Tips to Plan Your Walkabout
A Walkabout is defined as a “journey on foot undertaken by an Australian Aboriginal in order to live in the traditional manner.” Meaning it is a rite of passage for the Aborigines. The male teenagers would venture out on their own and may be gone as long as six months. However, the term has also come to represent a spiritual journey that one might take. It might also simply refer to a desire to wander, explore, and enjoy a trip.
If you desire such a trip, it’s important to make a few plans and preparations.
Deadline or Destination?
Because a walkabout is an expedition and it may not have a specific itinerary, it’s important to have some sort of ending point. The ending point may be a destination. For example, you may start at the tip of a national park and plan to head to the opposite end. Or you might have a date that you’ll be finished. For example, you might head to a wildlife reserve or national park in Australia and camp and hike for five days. You don’t need a schedule or itinerary, simply a desired end point.
Contacts and Communication
If you’re doing this walkabout on your own then it’s vitally important that you let others know where you’re going. You don’t need to be in constant communication with them. However, let them know your destination and/or the date to expect to hear from you. If you have a general path that you’ll be following, make sure that information is shared as well. This way, should there be an emergency; someone will know where to find you.
Depending on the type of walkabout you’re contemplating, there will be various gear requirements. For example, if you’ll be hiking through Uluru then you’ll need sun protection, water and water purification, as well as shelter. If you’re camping in a cabin in Tasmania then you’ll need different items.
The weather will also affect your gear choices and requirements. Check with the locals to learn what to expect so that you can make a good gear checklist and travel with the necessary survival supplies.

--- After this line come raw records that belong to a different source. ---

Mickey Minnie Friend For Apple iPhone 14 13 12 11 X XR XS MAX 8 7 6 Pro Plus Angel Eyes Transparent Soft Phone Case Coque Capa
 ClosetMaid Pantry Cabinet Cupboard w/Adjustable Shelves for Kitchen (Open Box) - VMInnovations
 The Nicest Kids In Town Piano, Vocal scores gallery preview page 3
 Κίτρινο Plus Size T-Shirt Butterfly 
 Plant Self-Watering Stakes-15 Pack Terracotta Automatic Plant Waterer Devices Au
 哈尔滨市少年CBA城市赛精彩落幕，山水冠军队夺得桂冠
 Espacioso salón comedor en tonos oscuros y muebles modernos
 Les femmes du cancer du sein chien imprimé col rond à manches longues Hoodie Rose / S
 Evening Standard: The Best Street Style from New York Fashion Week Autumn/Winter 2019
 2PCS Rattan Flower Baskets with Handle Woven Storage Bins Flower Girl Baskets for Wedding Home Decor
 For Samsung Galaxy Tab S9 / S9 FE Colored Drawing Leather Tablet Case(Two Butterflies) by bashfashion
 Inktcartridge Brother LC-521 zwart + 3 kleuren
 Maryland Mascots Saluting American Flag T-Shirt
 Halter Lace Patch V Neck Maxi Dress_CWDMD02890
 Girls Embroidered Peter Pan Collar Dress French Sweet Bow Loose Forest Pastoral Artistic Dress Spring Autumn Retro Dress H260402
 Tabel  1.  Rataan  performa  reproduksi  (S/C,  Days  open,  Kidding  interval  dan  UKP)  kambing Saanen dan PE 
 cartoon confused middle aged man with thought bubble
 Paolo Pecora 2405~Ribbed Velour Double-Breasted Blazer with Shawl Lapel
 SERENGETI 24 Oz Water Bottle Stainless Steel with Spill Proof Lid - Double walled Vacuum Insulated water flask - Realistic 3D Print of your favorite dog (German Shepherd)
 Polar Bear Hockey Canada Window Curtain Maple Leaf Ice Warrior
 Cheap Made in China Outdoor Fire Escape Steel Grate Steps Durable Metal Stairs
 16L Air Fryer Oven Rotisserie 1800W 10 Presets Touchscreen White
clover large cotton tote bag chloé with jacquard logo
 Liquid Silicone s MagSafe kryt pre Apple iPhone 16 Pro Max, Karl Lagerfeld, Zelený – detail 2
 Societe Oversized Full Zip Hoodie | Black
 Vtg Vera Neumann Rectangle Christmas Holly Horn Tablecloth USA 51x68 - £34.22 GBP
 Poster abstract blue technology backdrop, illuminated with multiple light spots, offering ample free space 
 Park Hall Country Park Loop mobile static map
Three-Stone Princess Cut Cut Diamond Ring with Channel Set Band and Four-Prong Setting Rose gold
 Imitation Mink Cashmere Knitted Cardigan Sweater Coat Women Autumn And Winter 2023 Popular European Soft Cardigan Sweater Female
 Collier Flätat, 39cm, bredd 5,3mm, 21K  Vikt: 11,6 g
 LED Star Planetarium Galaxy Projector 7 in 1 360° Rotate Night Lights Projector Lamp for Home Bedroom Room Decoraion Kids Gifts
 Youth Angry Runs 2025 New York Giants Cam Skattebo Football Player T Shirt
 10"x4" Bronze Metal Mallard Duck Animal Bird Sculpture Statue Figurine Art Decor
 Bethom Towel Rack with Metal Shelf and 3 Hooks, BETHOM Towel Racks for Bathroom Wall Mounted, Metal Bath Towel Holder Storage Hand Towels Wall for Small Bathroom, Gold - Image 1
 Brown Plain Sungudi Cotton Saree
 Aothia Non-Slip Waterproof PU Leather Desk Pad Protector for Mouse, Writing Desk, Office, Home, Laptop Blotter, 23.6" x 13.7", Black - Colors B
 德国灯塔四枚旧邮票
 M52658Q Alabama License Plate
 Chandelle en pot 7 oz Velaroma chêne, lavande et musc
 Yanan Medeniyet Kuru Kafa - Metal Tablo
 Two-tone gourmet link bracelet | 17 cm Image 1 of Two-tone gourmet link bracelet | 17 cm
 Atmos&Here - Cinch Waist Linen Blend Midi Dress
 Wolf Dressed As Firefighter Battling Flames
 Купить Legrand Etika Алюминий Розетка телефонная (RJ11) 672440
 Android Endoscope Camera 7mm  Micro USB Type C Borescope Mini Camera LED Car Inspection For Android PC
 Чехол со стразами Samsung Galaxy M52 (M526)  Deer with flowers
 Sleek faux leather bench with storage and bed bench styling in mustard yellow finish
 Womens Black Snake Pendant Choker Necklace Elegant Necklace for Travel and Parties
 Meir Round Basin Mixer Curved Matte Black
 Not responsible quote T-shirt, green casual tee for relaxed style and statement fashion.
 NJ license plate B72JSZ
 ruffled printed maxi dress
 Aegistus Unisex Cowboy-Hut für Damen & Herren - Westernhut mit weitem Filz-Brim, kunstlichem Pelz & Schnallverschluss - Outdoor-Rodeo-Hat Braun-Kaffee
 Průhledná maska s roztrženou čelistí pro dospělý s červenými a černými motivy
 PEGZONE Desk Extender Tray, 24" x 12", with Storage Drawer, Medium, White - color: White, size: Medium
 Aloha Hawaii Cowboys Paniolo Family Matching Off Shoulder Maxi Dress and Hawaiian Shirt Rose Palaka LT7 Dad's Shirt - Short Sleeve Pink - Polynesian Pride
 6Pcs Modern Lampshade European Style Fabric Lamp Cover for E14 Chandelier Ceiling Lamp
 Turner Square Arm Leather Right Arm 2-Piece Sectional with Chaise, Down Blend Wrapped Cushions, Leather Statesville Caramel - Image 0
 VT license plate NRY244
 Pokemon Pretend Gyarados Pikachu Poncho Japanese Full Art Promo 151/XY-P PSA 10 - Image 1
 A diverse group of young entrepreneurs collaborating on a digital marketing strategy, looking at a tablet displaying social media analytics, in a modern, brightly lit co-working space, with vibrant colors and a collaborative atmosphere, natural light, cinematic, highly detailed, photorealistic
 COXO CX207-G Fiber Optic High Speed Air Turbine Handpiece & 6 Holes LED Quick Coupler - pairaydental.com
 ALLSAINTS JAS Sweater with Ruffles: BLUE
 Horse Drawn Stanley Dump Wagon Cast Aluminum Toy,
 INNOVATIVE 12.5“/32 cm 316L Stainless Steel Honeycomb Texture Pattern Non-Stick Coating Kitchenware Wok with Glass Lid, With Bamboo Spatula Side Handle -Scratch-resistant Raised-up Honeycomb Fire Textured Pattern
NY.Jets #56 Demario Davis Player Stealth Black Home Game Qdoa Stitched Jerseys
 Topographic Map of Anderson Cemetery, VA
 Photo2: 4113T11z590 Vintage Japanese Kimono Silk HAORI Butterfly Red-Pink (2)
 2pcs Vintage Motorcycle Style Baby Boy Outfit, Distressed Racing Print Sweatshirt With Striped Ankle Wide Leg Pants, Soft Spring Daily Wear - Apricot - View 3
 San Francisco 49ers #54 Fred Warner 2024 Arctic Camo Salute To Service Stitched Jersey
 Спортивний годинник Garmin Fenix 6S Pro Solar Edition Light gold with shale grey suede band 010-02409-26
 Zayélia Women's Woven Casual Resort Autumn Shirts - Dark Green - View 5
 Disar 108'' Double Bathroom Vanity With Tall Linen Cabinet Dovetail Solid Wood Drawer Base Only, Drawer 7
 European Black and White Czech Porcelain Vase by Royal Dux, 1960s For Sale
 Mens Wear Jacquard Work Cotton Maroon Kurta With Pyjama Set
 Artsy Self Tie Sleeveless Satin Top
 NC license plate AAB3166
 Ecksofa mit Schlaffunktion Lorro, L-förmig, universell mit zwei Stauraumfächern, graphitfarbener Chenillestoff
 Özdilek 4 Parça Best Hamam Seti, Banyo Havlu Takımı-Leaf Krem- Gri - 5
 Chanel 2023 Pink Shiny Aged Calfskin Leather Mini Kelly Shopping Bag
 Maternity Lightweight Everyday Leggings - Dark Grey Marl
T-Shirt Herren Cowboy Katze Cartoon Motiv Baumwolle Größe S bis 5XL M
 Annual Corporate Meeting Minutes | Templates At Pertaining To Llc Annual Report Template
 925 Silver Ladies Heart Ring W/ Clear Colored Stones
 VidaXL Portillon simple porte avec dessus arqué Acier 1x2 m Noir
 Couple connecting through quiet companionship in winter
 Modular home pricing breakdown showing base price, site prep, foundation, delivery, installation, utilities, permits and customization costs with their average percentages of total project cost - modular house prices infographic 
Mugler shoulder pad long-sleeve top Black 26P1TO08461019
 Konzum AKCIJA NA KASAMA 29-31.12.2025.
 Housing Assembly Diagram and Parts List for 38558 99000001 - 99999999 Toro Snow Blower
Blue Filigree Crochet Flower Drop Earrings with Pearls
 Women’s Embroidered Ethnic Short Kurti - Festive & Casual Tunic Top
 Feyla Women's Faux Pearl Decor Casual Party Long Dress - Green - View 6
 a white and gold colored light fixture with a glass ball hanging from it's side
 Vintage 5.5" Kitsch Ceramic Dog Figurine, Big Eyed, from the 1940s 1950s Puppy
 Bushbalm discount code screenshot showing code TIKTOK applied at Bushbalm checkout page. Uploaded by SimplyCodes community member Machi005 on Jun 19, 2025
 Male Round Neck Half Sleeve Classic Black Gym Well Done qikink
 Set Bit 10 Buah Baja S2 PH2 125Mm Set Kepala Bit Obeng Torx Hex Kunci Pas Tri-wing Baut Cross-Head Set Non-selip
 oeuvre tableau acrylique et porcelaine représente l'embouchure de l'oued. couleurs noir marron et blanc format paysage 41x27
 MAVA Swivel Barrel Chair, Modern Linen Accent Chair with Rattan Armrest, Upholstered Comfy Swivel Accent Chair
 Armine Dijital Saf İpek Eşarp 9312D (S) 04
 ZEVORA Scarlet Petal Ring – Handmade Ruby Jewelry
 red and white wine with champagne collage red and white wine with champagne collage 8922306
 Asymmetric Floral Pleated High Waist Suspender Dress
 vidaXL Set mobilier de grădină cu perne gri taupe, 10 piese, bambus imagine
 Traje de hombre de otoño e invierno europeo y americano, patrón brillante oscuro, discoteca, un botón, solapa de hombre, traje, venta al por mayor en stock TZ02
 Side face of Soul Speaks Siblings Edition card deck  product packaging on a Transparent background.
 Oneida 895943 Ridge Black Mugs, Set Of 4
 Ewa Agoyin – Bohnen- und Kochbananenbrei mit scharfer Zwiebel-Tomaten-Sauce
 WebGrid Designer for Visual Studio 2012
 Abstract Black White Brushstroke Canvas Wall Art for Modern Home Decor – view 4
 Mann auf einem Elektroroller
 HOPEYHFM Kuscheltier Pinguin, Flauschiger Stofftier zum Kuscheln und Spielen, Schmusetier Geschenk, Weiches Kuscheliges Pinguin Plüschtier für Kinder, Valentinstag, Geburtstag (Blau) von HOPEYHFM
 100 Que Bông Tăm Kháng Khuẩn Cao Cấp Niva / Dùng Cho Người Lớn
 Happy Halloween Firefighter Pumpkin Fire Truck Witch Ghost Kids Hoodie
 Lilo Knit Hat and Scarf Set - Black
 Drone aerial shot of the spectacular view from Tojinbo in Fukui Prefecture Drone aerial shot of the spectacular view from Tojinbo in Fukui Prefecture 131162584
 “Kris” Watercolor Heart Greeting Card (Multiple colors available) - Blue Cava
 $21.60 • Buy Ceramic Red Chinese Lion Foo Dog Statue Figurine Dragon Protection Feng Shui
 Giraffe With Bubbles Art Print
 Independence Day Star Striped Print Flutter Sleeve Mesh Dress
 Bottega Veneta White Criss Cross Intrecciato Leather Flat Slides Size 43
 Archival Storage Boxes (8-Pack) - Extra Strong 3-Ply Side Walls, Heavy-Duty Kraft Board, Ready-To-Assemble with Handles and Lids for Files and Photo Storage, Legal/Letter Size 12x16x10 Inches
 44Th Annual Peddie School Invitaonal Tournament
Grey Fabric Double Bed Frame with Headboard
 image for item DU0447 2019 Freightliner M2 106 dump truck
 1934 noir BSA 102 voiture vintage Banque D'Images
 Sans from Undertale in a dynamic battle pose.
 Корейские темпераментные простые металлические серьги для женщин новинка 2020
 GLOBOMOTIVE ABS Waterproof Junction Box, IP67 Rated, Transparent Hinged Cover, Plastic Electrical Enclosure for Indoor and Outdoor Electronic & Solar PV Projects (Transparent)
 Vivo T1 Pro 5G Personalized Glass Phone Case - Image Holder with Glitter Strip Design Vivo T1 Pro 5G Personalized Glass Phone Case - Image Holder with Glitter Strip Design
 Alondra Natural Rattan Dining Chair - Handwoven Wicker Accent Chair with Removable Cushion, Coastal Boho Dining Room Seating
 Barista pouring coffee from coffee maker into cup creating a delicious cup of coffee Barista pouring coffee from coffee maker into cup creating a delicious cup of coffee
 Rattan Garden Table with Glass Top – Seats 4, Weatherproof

Finally, consider having an alternative plan. Sometimes things just don’t work out. For example, maybe you’d planned on traveling by river but recent rains have made the waters dangerous. Part of the walkabout adventure is going with the flow.
If you’re heading on a walkabout you’ll undoubtedly learn much about yourself. It can be an excellent experience and a necessary step on your path. At the very least you’ll have an Australian vacation to remember.